Terdapat hal menarik yang disampaikan Ketua Komisi Pengawas Persaingan Usaha (KPPU) M Afif Hasbullah Begitu perayaan HUT ke-23 KPPU di Anjungan Sarinah, Jakarta, Minggu (11/6). Ia menyebut pertumbuhan jumlah kekayaan orang kaya Indonesia jauh lebih besar dan lebih Segera Kalau dibandingkan dengan pertumbuhan pengentasan rakyat dari kemiskinan.
Fakta itu memang Bukan baru dan Bukan terlalu mengejutkan. Tetapi, sebagai sebuah pengingat, perlu kiranya kita suarakan fakta dan data itu secara Maju-menerus agar selalu menjadi perhatian pengelola negara ini. Pertumbuhan ekonomi Indonesia yang kerap dikatakan Tetap Bagus, bahkan Begitu dunia dilanda pandemi covid-19 sekalipun, nyatanya tak Dapat memupus problem ketimpangan.
Kalau merujuk data World Inequality Report (WIR) pada 2022, ketimpangan pendapatan di Indonesia, antara si kaya dan si miskin, Malah makin melebar. Pun, seperti yang dikatakan Ketua KPPU, pertumbuhan jumlah kekayaan 10% orang kaya di Republik ini jauh lebih besar, jauh lebih Segera daripada pertumbuhan kekayaan 40% orang miskin di Indonesia.
Ketimpangan yang Tetap lebar itu juga mendapat konfirmasi dari pergerakan Nomor kemiskinan serta rasio Gini dalam beberapa tahun terakhir yang tak mengalami perubahan signifikan meskipun pertumbuhan ekonomi dikatakan bagus. Dari fakta itu mudah disimpulkan bahwa kue ekonomi, kue pembangunan Tetap dominan dinikmati golongan masyarakat kaya.

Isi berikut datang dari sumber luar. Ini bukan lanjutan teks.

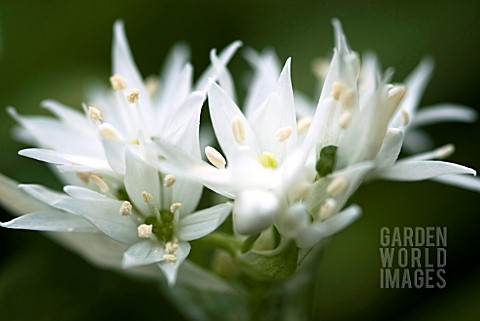 ALLIUM_URSINUM_RAMSONS_WILD_GARLIC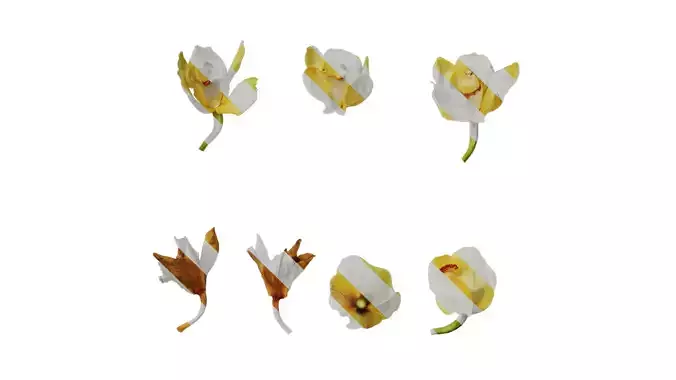 Anydrafts Cymbidium orchid yellow Flower 01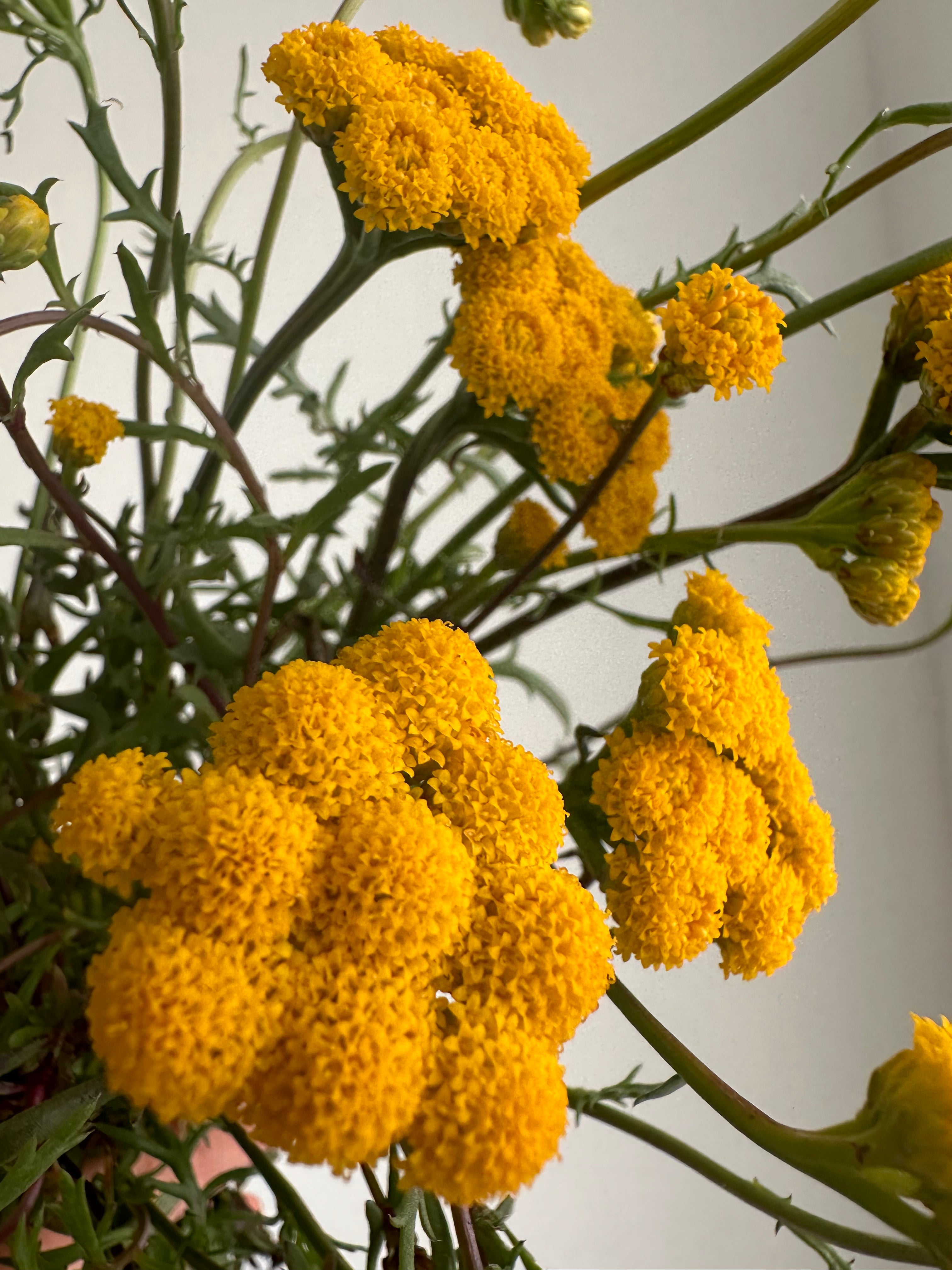 Lonas inodora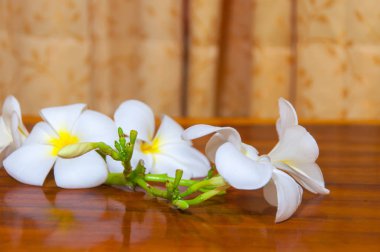 Beyaz Plumeria Pudica flora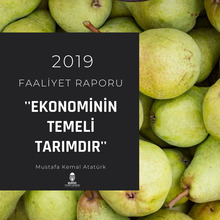 2019 faaliyet raporu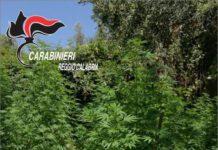 Sorpreso ad irrigare canapa indiana, arrestato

Padahal, Begitu ini berbeda dengan masa Lampau ketika upaya perburuan pertumbuhan ekonomi kerap meminggirkan penduduk miskin sekaligus memperlebar jurang ketimpangan. Era kini semestinya lebih Pusat perhatian mengejar pertumbuhan yang berkualitas. Artinya, pertumbuhan yang Bukan sekadar mengejar Nomor, tetapi juga memperhatikan pemerataan distribusinya.
Kiranya paradigma seperti itu yang Semestinya menjadi landasan pemerintah bekerja. Buat apa Nomor pertumbuhan tinggi, tapi hanya dinikmati sebagian kecil penduduk kaya, sedangkan kaum miskin dibiarkan tetap tergilas? Bukankah yang disebut keberhasilan pemerintah di bidang ekonomi itu mengentaskan sebanyak-banyaknya orang dari kemiskinan, bukan menambah sebanyak-banyaknya jumlah orang kaya?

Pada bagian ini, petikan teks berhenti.